Umut and Janina meet and fall in love in a chance encounter on an Istanbul street in 2013, where rebellion simmers amongst queer and displaced youth.
PlayCo will present the U.S. premiere of Ebru Nihan Celkan's Will You Come With Me?, directed by Keenan Tyler Oliphant, May 4-June 5 at MITU580 (580 Sackett St Unit A - Ground Fl, Brooklyn). Hurtling between dates across the mid-2010s and back and forth between Berlin and Istanbul, Will You Come With Me? collides the temporal and emotional disorientation-and the hope, despair, and adrenaline-of uprising with a long-distance relationship set across disparate cultural and political contexts.
Umut and Janina meet and fall in love in a chance encounter on an Istanbul street in 2013, where rebellion simmers amongst queer and displaced youth. Using video recordings and phone calls in the fight against physical and emotional distance, Umut is caught between the momentum of sociopolitical change in Istanbul and the promise of a quieter life in Berlin with Janina.

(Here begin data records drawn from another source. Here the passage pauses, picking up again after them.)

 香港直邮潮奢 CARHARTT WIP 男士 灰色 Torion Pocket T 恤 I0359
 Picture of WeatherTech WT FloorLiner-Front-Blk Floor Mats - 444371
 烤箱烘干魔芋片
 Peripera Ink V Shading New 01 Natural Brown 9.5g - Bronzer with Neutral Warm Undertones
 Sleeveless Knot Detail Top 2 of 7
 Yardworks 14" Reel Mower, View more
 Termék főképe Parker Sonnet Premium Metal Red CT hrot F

Will You Come With Me seeks to theatrically replicate the emotional state of uprising. The playwright describes shaping considerations of Istanbul's recent past, as well as the fraught relationship between the EU (and particularly Germany) and Turkey, until she found "the individuals within them," rather than the politics. Celkan juxtaposes the complex interiorities and circumstances of two characters possessing vastly different lenses: viewing life from within an uprising-with all the responsibilities and vulnerabilities that come with it-versus from afar, with the anxiety of trying to understand the life of a loved one through a cloud of chaos. The playwright scrambles time as intimate moments between lovers shatter into distance, with these characters speaking to each other with thousands of miles-and even more unknowns-between them.
Celkan says, "Mathematically, we're seeing them over five years-but what does this mean for a person living in Istanbul from 2013-2018 and what does this mean for a person in Berlin, and how does this differ? Umut is always thinking backwards or forward-back to disappointment, forward to hope. And love complicates that, because love needs the present. We need now to love."

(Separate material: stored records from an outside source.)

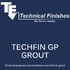 Techfin GP Grout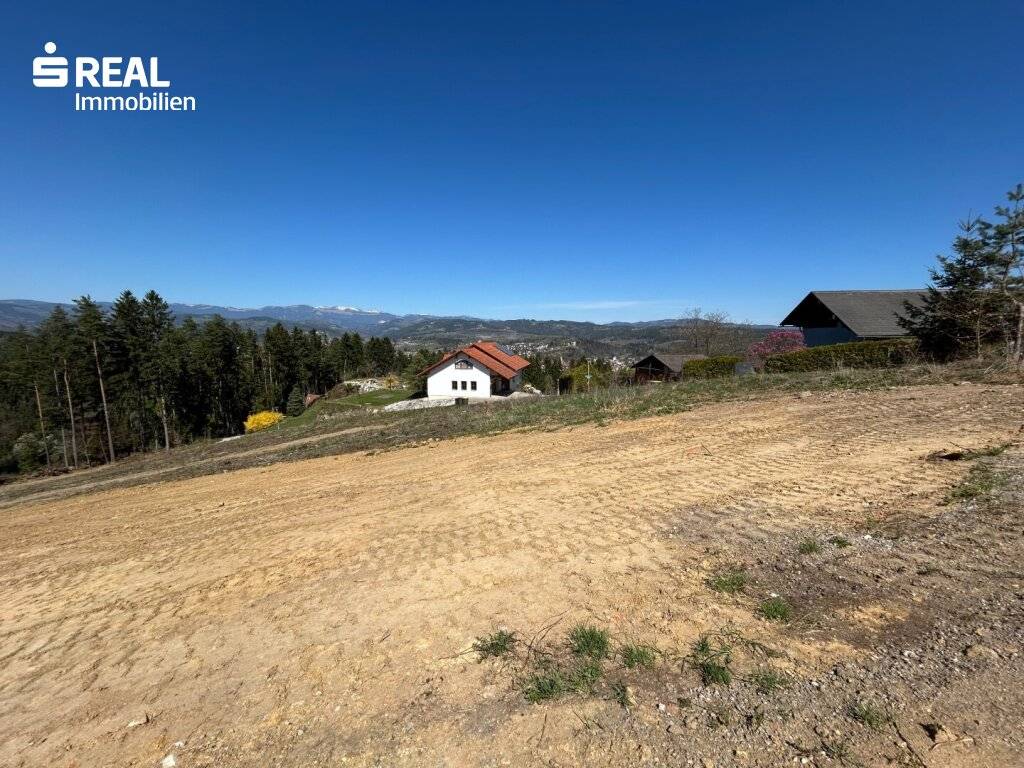 Grundstück mit Weitblick - 876 m² in Voitsberg - Widok 3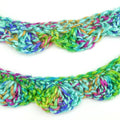 Darn Good Yarn Darn Good Yarn Festive Scallop Garland Crochet Kit — main product shot
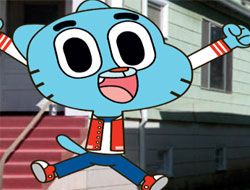 Word Search, The Amazing World of Gumball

The play's title, as director Keenan Tyler Oliphant notes, asks whether its characters can step over a threshold that parts their experiences. In this production, he wants to evoke the sense-deeply felt in Celkan's pages-"that a void could swallow them, at any given moment."
While bearing the specifics of Istanbul and Berlin, the play resonates anywhere activist movements have been met with force and setbacks-and among anyone who has found love tested by a profound gap in experience. Subverting the tendency for stories surrounding authoritarianism to center, or even name, those who wield power, Will You Come With Me gives voice to those who resist, even after vast swaths of a movement have been suppressed or disappointed into submission. The play examines the emotional toll relentless struggle takes, and the sense of unity it brings to those whose bodies, sexualities, and gender presentations have been made into battle grounds.

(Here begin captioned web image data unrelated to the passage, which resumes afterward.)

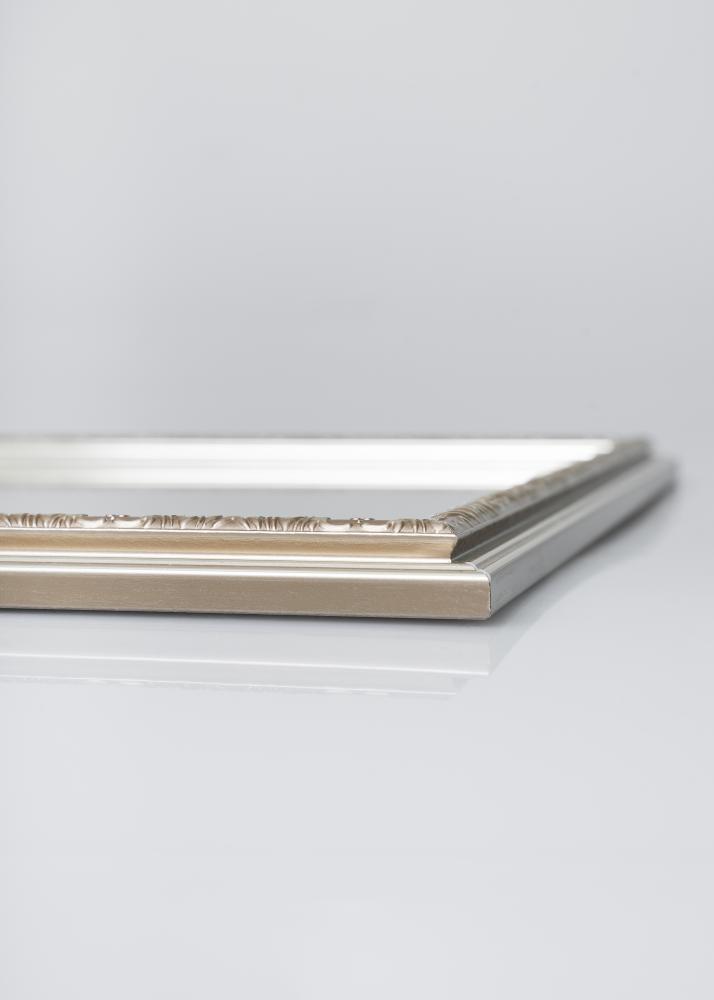 Miroir Nostalgia Argent 65x95 cm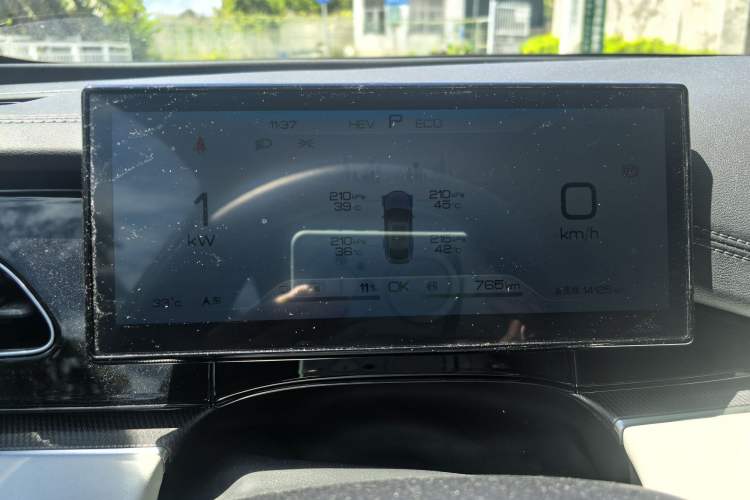 Used BYD Seal 06 New Energy 2024 DM-i 80KM Prestige Model Interior 5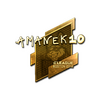 Sticker | AmaNEk (Gold) | Boston 2018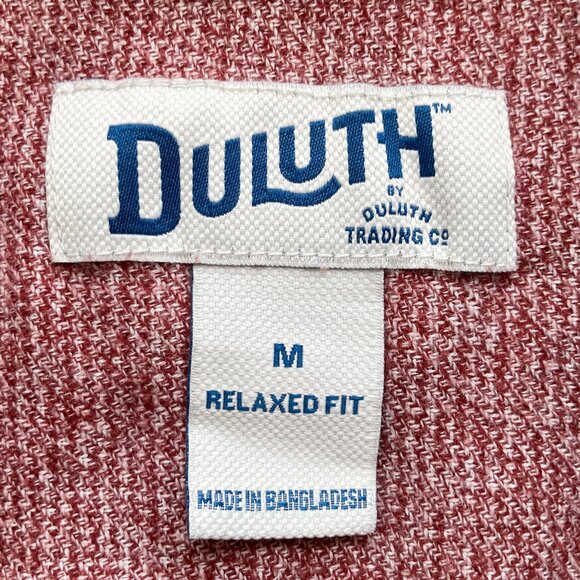 Duluth Trading Free Swingin' Twisted Cotton Flannel Shirt - Picture 3 of 13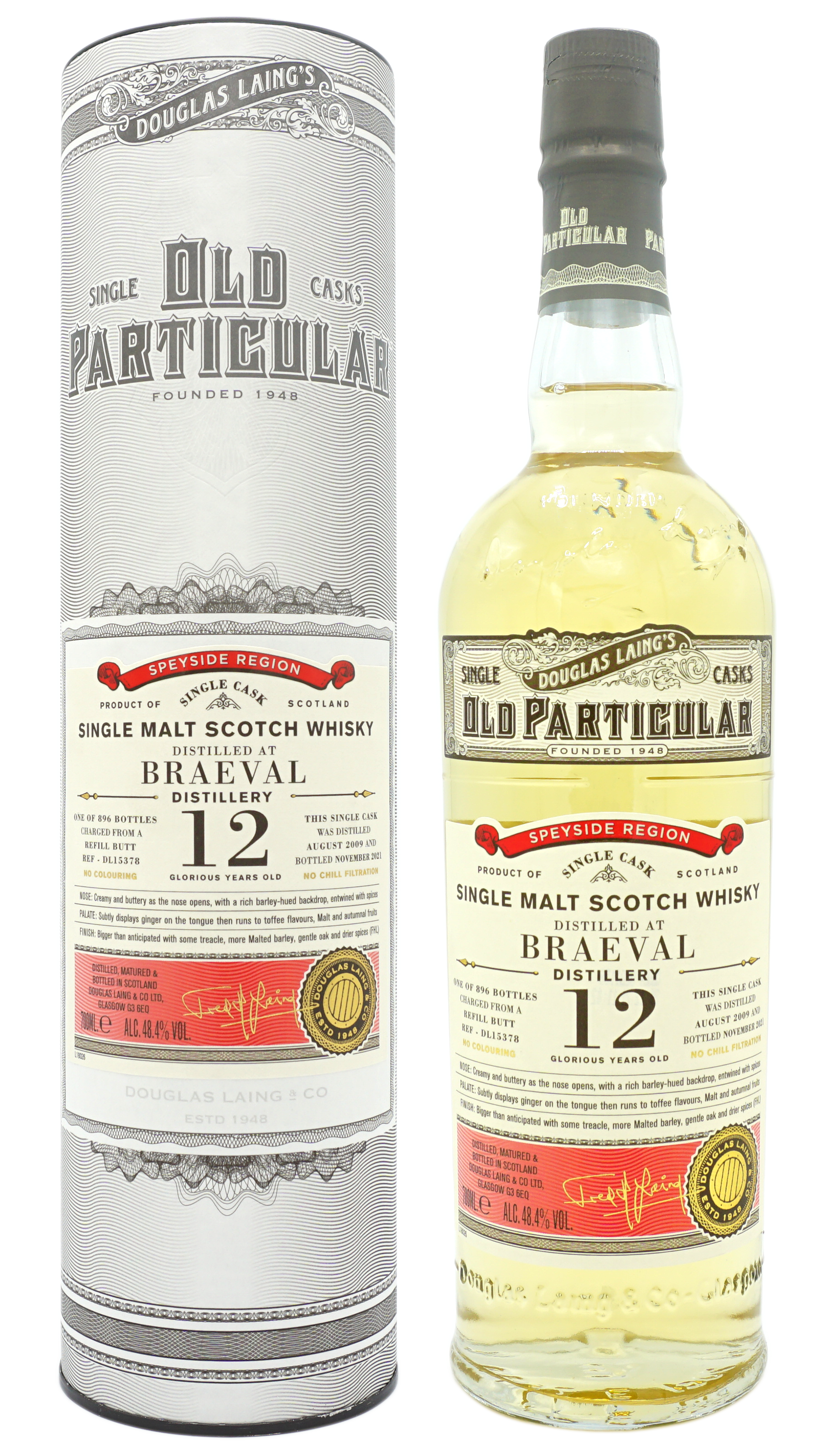 OldParticular Breaval 12 Compleet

Keenan Tyler Oliphant, who is an immigrant artist from South Africa and participated in #FeesMustFall protest movements, and similarly took to the streets amidst Black Lives Matter protests in New York in 2020, says of the play, "I consider my body to be very much inside of the wake of colonization and existing at the point of conflict between Europe and Africa. What unlocked this play for me was realizing it's about one's body being at war, and how that state of being collapses time and space-because nothing can exist that is concrete and logical and chronological when you're constantly understanding yourself in relationship to oppression. I have often felt that when this experience is framed as political, the audience can easily distance themselves to a place of analysis and surveying without really considering the lived experience. But this play, instead, is visceral: it's felt in skin, in body, in time."
Kate Loewald, PlayCo's Founding Producer, and Annie Jin Wang, Associate DIrector for Programming & Communications, add, "We are absolutely delighted to bring Ebru and Keenan together to collaborate on our first in-person production in over two years. They represent the vibrancy and innovation that can emerge from the cross-cultural collaboration so central to PlayCo's mission."
Tickets will go on sale March 15, 2022.